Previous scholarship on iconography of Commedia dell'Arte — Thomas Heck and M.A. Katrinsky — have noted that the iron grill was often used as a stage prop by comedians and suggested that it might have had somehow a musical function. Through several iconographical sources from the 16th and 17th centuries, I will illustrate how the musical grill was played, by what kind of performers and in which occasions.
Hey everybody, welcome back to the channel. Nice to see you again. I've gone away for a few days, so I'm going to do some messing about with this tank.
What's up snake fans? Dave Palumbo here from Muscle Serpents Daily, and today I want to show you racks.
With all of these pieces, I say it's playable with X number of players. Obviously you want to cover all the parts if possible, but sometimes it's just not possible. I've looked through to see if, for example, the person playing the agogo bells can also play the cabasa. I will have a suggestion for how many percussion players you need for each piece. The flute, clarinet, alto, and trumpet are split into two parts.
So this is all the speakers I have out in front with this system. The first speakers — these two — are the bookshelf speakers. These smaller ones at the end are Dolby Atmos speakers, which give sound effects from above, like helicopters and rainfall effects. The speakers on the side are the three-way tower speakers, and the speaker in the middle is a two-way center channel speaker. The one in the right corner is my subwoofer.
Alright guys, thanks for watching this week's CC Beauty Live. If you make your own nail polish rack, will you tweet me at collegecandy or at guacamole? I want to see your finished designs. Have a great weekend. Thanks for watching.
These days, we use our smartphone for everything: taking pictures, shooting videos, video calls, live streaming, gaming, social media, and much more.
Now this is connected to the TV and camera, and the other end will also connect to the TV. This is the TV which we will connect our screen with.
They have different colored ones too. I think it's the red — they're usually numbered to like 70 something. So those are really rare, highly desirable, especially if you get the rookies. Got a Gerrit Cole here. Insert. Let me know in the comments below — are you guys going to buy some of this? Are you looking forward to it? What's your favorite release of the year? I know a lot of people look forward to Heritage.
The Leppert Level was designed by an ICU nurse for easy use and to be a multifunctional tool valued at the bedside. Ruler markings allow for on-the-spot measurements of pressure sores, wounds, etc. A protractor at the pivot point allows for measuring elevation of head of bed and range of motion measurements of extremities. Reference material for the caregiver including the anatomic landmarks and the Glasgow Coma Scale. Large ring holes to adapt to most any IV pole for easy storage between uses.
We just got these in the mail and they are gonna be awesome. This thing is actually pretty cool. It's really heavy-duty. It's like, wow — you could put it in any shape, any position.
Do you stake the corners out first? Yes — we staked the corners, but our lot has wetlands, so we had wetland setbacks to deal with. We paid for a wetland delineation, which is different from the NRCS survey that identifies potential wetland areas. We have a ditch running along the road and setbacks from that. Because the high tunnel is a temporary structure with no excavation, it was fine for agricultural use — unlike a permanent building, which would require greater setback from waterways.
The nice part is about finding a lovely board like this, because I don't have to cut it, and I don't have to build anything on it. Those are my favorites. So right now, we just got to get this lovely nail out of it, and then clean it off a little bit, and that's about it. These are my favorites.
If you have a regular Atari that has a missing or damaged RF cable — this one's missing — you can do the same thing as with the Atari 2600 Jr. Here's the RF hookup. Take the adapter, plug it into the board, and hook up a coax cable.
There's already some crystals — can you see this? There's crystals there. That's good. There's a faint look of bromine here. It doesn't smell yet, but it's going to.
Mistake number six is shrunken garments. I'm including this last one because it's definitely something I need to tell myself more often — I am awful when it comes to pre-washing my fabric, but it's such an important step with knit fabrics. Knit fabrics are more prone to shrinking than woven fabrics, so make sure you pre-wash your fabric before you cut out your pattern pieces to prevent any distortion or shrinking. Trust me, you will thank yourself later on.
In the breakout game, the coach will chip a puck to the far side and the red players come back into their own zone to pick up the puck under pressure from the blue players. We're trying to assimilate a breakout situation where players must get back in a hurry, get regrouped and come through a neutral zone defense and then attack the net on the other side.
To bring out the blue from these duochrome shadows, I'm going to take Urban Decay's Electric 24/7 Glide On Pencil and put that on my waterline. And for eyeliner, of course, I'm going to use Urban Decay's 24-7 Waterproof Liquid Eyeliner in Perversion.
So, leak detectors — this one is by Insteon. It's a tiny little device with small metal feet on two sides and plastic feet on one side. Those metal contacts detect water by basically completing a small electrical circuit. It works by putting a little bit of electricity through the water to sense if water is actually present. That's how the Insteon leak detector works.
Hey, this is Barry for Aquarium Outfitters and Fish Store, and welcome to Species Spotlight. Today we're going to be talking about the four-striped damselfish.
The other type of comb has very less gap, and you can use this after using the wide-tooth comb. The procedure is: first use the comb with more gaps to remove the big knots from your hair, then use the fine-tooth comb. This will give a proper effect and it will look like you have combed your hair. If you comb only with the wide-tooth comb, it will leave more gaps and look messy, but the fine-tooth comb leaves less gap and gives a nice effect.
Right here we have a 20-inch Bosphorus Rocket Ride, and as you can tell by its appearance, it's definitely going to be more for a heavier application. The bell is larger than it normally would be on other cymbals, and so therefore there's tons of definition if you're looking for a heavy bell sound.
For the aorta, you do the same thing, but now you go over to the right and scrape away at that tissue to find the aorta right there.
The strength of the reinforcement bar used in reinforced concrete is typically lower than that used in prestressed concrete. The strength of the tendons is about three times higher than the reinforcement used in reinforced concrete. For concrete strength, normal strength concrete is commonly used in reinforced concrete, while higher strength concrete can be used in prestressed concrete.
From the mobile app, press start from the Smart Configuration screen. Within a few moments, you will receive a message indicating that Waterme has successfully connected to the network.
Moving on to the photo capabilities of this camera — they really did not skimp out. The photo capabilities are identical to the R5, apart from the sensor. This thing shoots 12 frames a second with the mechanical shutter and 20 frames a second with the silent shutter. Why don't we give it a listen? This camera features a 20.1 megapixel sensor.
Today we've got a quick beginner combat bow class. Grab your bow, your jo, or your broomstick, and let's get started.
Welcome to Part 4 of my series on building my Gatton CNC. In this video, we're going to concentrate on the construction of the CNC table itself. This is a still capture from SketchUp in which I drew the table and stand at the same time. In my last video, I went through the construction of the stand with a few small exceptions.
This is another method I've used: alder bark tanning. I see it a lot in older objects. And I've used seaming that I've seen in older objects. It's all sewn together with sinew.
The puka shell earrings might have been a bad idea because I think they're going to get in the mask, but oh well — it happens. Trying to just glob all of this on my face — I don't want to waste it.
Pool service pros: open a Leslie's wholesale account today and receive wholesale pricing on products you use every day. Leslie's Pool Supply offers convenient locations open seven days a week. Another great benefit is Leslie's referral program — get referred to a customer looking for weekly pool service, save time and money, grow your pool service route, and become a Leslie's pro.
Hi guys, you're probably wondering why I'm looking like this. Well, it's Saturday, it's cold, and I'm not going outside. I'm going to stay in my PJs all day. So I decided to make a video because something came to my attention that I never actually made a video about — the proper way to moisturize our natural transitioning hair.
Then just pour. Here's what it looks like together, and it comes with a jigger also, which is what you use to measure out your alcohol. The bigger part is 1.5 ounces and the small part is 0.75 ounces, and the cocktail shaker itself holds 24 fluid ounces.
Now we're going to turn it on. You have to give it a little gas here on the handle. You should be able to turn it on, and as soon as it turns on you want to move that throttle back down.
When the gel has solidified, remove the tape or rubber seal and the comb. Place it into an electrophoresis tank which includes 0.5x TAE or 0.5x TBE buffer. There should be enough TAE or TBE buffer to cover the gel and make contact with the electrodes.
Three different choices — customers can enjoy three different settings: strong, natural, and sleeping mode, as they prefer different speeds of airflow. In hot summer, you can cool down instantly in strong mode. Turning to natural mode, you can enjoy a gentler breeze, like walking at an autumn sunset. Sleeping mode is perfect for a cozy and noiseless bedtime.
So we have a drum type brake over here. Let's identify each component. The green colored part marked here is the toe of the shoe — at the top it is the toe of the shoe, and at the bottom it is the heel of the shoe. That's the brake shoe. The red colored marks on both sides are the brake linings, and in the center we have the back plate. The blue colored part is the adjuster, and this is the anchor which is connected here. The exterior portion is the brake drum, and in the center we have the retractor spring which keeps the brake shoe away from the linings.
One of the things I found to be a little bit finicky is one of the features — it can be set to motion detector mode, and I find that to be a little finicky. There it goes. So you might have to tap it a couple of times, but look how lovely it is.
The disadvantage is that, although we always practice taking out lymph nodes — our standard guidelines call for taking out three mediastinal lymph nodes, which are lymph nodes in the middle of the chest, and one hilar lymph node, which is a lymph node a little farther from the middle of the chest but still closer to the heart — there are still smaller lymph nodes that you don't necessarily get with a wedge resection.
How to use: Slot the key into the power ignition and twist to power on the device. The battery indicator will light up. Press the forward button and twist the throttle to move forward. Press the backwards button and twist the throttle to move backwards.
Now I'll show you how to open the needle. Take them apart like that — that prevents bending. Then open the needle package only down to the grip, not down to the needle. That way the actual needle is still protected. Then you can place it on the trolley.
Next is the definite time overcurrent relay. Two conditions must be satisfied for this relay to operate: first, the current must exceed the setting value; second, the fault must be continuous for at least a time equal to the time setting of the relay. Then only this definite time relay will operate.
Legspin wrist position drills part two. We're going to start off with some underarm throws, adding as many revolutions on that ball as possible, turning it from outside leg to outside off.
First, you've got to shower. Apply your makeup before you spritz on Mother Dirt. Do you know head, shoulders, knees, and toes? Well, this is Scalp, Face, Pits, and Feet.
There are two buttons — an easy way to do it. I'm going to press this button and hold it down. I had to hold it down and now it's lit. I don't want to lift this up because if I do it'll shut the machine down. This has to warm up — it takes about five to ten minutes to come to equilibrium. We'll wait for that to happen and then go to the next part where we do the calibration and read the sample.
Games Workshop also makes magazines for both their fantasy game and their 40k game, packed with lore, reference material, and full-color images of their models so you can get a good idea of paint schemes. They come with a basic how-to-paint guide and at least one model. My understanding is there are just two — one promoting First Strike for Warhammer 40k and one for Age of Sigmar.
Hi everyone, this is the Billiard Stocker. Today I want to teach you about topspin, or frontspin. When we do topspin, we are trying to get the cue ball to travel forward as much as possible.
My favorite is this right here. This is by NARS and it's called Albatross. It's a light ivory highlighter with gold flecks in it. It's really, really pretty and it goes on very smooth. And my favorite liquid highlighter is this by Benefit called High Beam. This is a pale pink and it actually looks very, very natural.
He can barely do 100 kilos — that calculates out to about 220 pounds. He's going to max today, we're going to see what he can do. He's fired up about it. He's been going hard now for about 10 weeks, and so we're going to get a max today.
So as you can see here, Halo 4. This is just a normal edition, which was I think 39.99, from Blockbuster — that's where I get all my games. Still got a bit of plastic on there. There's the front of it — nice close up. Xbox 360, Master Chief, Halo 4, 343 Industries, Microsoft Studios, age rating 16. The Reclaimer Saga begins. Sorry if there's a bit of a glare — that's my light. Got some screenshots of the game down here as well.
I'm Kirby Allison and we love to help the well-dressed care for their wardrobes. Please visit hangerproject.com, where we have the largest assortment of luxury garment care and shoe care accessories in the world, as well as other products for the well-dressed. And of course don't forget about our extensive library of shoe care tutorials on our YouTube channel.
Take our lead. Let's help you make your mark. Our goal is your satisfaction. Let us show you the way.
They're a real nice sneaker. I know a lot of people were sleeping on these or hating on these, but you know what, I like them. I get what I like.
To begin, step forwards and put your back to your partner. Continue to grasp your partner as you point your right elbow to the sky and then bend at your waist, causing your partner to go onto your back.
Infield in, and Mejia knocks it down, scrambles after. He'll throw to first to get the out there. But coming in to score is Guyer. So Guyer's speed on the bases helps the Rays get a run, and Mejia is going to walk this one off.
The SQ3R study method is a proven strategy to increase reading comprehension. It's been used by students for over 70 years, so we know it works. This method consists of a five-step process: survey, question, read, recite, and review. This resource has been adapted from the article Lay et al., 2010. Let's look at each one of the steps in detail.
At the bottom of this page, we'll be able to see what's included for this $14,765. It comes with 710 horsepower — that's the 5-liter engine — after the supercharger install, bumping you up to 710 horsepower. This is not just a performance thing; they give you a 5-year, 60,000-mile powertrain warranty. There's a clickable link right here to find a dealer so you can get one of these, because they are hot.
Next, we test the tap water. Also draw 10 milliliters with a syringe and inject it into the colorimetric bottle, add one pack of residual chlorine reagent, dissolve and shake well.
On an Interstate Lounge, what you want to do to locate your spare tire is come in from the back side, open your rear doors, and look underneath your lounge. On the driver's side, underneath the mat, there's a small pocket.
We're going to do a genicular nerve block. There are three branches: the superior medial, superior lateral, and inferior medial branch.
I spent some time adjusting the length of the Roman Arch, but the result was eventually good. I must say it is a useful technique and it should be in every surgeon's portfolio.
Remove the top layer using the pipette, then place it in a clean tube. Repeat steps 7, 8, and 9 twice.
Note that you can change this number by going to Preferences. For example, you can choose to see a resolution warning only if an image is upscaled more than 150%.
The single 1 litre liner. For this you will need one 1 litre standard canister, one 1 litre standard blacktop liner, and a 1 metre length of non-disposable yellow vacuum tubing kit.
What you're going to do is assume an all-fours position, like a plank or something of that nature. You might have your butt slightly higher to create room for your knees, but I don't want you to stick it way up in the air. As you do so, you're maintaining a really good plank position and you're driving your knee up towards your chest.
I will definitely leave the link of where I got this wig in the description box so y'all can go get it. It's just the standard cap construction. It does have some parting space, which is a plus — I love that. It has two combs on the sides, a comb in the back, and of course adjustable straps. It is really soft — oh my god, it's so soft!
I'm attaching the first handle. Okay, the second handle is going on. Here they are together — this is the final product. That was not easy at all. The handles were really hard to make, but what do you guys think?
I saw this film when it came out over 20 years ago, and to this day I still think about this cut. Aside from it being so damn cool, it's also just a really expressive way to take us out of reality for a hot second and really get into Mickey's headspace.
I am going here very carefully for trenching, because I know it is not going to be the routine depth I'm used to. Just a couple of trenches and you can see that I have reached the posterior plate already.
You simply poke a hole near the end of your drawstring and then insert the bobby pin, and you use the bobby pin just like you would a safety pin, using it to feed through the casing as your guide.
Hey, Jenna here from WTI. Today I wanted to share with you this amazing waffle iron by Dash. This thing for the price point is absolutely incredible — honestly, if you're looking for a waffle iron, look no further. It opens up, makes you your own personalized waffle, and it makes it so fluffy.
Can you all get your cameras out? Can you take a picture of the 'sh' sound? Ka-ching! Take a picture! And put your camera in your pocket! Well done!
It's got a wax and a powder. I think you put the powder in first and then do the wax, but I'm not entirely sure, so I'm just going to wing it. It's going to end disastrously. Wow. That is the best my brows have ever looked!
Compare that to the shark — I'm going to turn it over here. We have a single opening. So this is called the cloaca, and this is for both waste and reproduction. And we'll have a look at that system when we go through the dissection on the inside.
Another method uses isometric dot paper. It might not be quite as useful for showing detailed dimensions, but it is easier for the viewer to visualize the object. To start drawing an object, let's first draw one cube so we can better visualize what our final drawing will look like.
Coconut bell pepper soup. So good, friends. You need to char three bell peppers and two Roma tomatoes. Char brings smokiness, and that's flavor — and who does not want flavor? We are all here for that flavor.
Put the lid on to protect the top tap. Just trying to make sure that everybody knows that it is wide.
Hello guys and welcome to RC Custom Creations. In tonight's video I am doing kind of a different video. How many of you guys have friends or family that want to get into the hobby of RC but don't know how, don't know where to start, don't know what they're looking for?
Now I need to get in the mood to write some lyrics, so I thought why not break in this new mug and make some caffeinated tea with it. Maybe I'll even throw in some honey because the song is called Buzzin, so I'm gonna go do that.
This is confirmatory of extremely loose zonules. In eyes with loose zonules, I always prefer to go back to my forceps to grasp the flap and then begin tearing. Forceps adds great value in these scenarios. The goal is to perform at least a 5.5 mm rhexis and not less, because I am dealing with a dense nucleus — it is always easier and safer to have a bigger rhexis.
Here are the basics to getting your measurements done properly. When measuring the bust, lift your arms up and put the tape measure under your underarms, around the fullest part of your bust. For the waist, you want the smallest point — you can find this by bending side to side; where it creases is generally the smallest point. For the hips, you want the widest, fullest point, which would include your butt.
::::::
> [The problem]: Of the lines above, retype only those from the line containing "Then just pour." through the line containing "Three different choices", including both, exactly.

> [Exercise response]:
Then just pour. Here's what it looks like together, and it comes with a jigger also, which is what you use to measure out your alcohol. The bigger part is 1.5 ounces and the small part is 0.75 ounces, and the cocktail shaker itself holds 24 fluid ounces.
Now we're going to turn it on. You have to give it a little gas here on the handle. You should be able to turn it on, and as soon as it turns on you want to move that throttle back down.
When the gel has solidified, remove the tape or rubber seal and the comb. Place it into an electrophoresis tank which includes 0.5x TAE or 0.5x TBE buffer. There should be enough TAE or TBE buffer to cover the gel and make contact with the electrodes.
Three different choices — customers can enjoy three different settings: strong, natural, and sleeping mode, as they prefer different speeds of airflow. In hot summer, you can cool down instantly in strong mode. Turning to natural mode, you can enjoy a gentler breeze, like walking at an autumn sunset. Sleeping mode is perfect for a cozy and noiseless bedtime.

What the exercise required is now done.